La parabola dell’ex prefetto Piantedosi è la dimostrazione che essere un dipendente dello Stato non trasforma chiunque in un uomo delle istituzioni. Tutto il Paese ne ha avuto la dimostrazione in questi pochi mesi di governo.

Un uomo che riesce a definire “carico residuale” dei bambini che – senza genitori – sbarcano infreddoliti in un porto straniero, voi come lo definireste? Lo stesso ministro che, poche ore dopo la tragedia di Cutro, ha trattato le vittime come fossero colpevoli, che se l’è presa con i cadaveri, che ha ammonito dei morti, “colpevoli” solo di essere scappati dalla guerra, dalla fame o dai talebani, dicendo che sono voluti partire a tutti i costi per mancanza di educazione (lui ce l’ha avuta), voi come lo chiamereste?

Lo stesso personaggio che si mette in cattedra e dice che la sua educazione lo avrebbe obbligato a restare nel suo Paese, ha forse dimenticato quanti milioni di nostri concittadini (anche dalle parti da cui lui proviene) sono emigrati per scappare dalla fame e dall’arretratezza?

Sentire Piantedosi parlare e guardarlo senza che in egli traspaia nemmeno un briciolo di empatia umana, è quanto di più distante da quello che ha fatto il nostro presidente Mattarella, in piedi, in silenzio, davanti alle bare di quella povera gente, che aveva solo un sogno nel cuore per il proprio futuro e per quello dei propri figli.

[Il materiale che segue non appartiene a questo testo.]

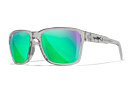 Product image for WX Trek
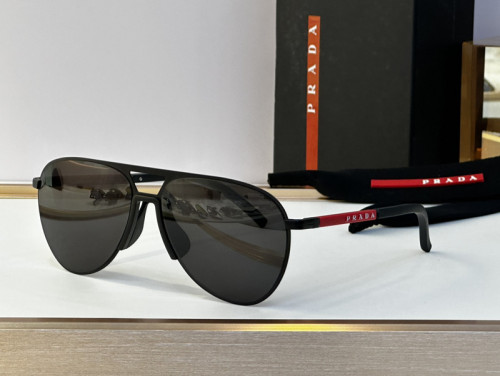 Prada Sunglasses AAAA-2777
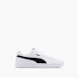PUMA Маратонки Бял 24137 1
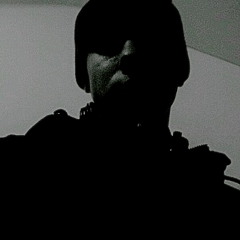 Carlos - Gx, production by Stefano Mussi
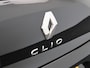 Renault Clio TCe 90pk Zen | Airco | Multimediasysteem met Android Auto en Apple Carplay | Cruise Control |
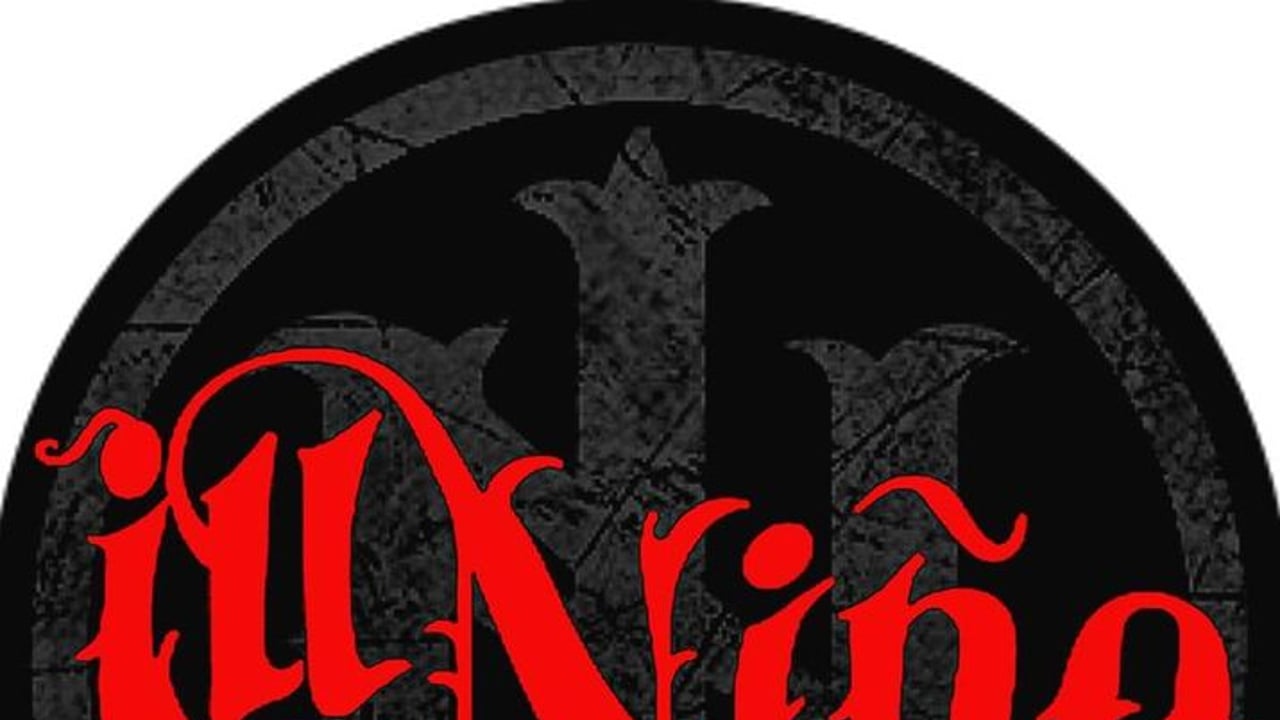 Ill Nino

Nella dignitosa compassione di Mattarella c’è il vero senso delle istituzioni e non di certo nel grigio burocratese di un ministro che si nasconde dietro parole vuote, vedendo il quale è inevitabile il ritorno alla mente di quella terribile banalità del male di altri periodi bui.

Ma non sono solo questi i fallimenti politici di costui: anche la situazione del nostro territorio ne è un’altra cartina al tornasole. Se infatti da prefetto prima e da ministro poi, ha deciso di sciogliere le amministrazioni comunali perché infiltrate dalla criminalità organizzata, perché non ha pensato fino ad ora di rinforzare gli organici delle forze dell’ordine di Anzio e Nettuno? Non si rende conto che tutti i giorni, quanto accade sul nostro territorio ci avvicina sempre più ad una situazione di non ritorno?

In questo territorio si sta combattendo una guerra all’interno della malavita per chi dovrà predominare le piazze di spaccio e il malaffare ma nonostante Piantedosi ben conosca la relazione di scioglimento, nemmeno un poliziotto, un carabiniere o un uomo in più della guardia di finanza è arrivato a rinforzare gli organici ridotti all’osso.

Cosa pensa il ministro, che davvero possa bastare solo l’impegno delle forze sociali sane delle nostre città per combattere questa guerra di legalità? Oppure ha deciso di sacrificare Anzio e Nettuno, condannando i nostri figli ad emigrare per avere un futuro lavorativo e di legalità? Perché in entrambi i casi, non fa altro che dimostrare ulteriormente, laddove ce ne fosse bisogno, la sua totale inadeguatezza al ruolo che occupa.